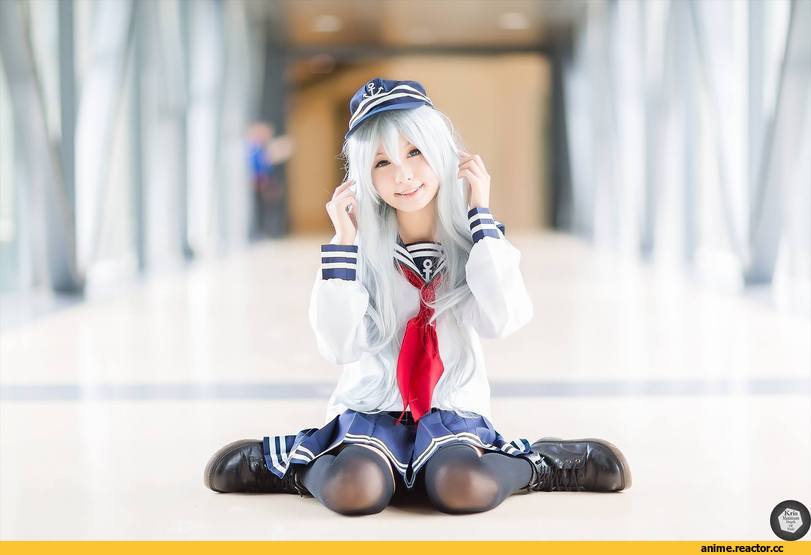 Hibiki (Kantai Collection), Kantai Collection, Anime Cosplay, chiyo, Anime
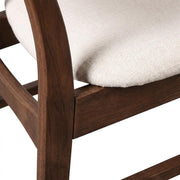 Solid Wood Dining Chairs Set of by Starlight Canyon Home – Solid + Manufactured Wood, Brown, Pack of 6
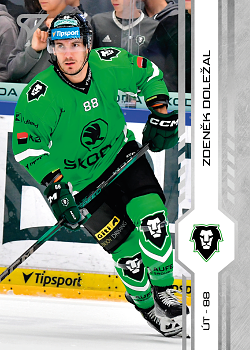 Zdenek Dolezal Mlada Boleslav Tipsport ELH 2024/25 SportZoo 1. serie #228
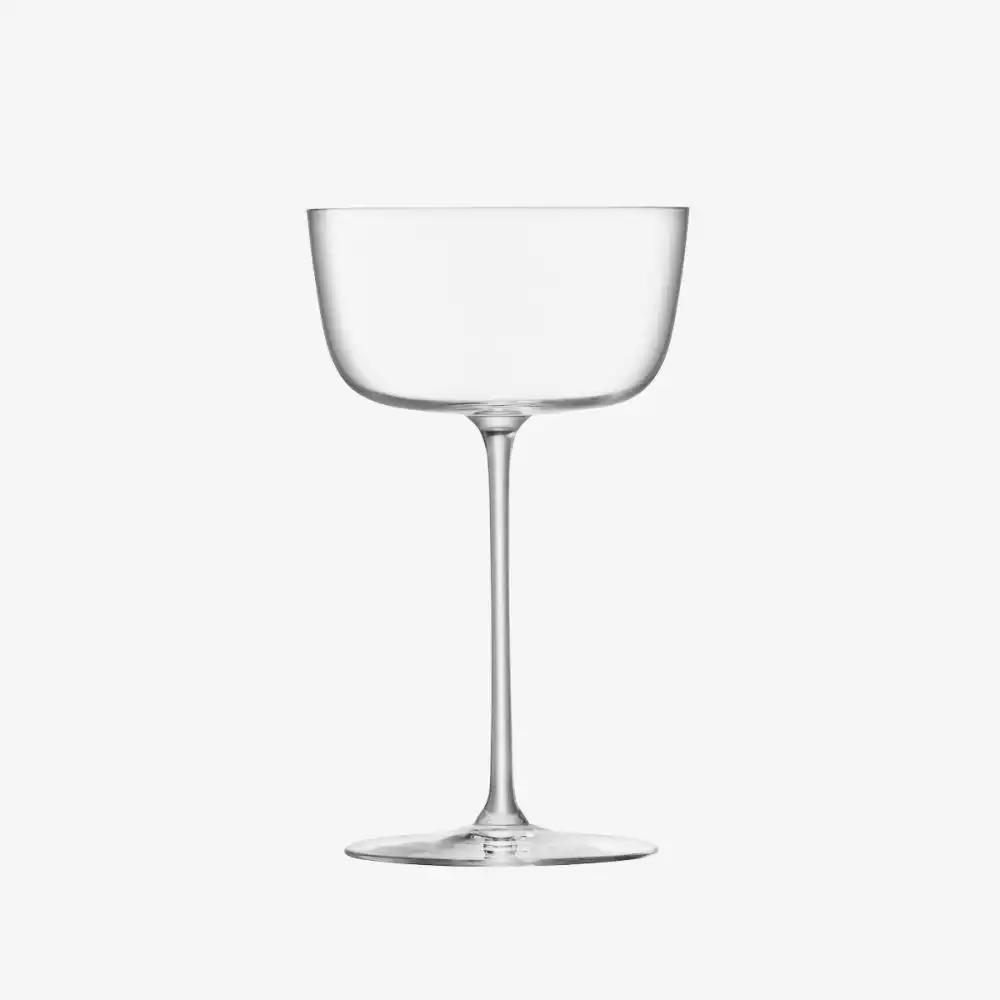 Alternative view of LSA Borough 8 oz Cocktail Saucer (Set of 4)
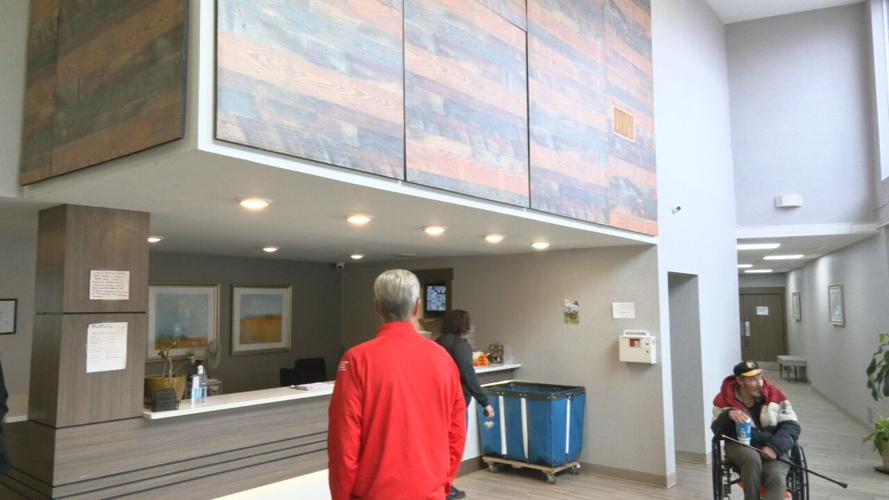 Arthur Street Hotel Lobby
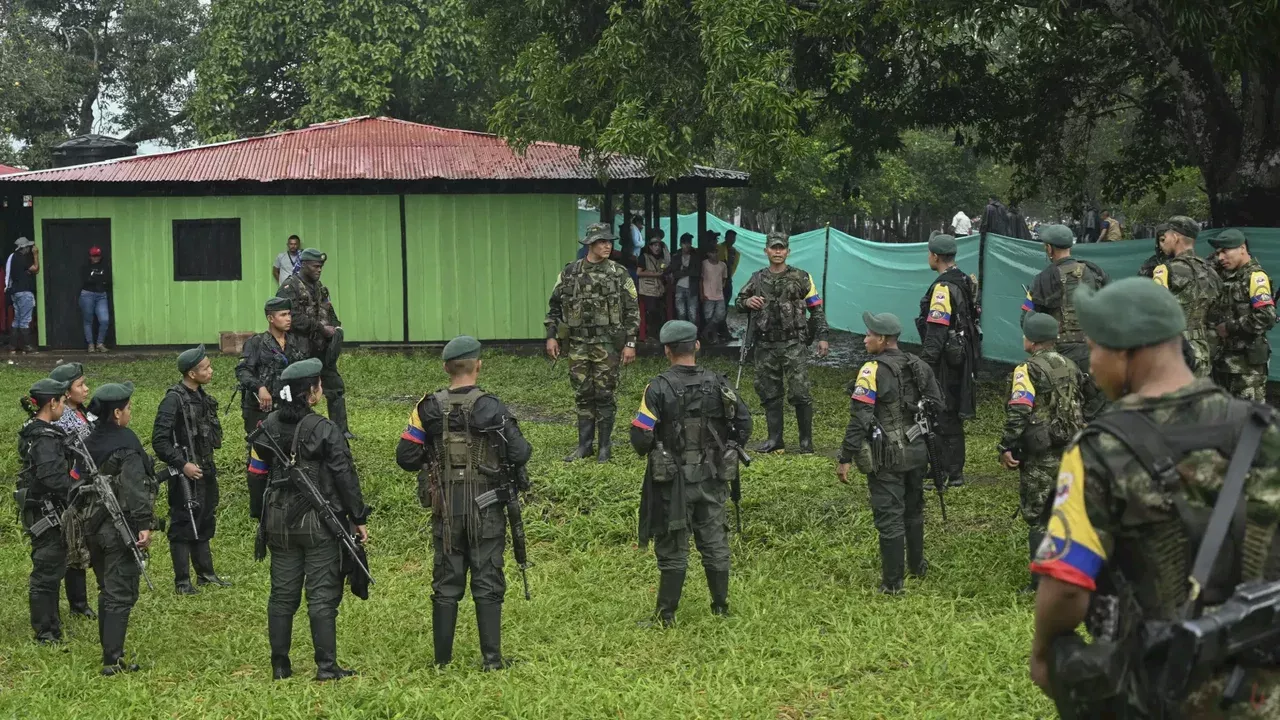 500 familias están confinadas en Caquetá por enfrentamientos entre grupos armados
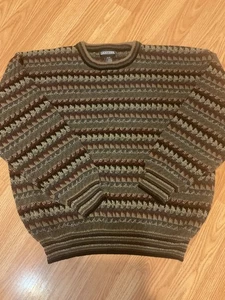 Vintage; Herren Jantzen Struktur Pullover Gr.XL (54"Brustumfang) - Bild 1 von 2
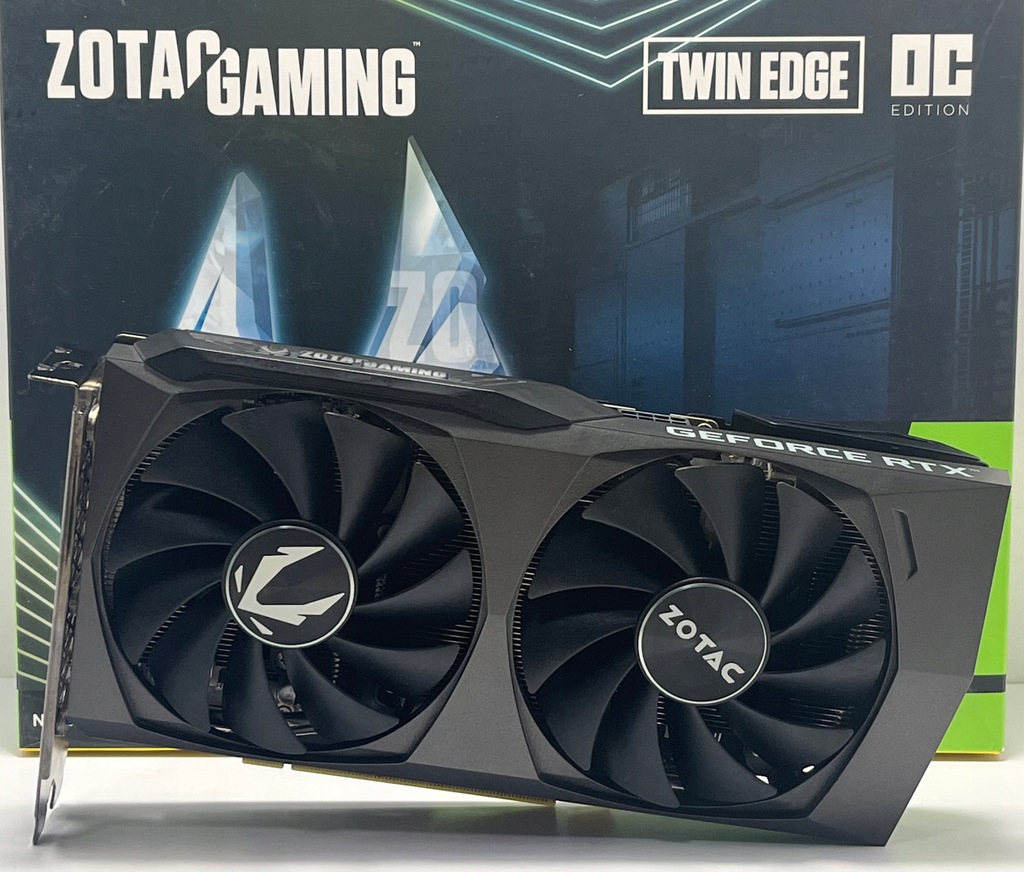 Купить Карта ZOTAC GeForce RTX 3060 Ti Twin Edge OC 8 ГБ: отзывы, фото, характеристики в интерне-магазине Aredi.ru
* * * * * * *
Work to complete: Exactly reproduce the lines beginning at the one that contains "500 familias están" and ending at the final line of the material, with the pictures left out.

Result of this task:
 500 familias están confinadas en Caquetá por enfrentamientos entre grupos armados
 Vintage; Herren Jantzen Struktur Pullover Gr.XL (54"Brustumfang) - Bild 1 von 2
 Купить Карта ZOTAC GeForce RTX 3060 Ti Twin Edge OC 8 ГБ: отзывы, фото, характеристики в интерне-магазине Aredi.ru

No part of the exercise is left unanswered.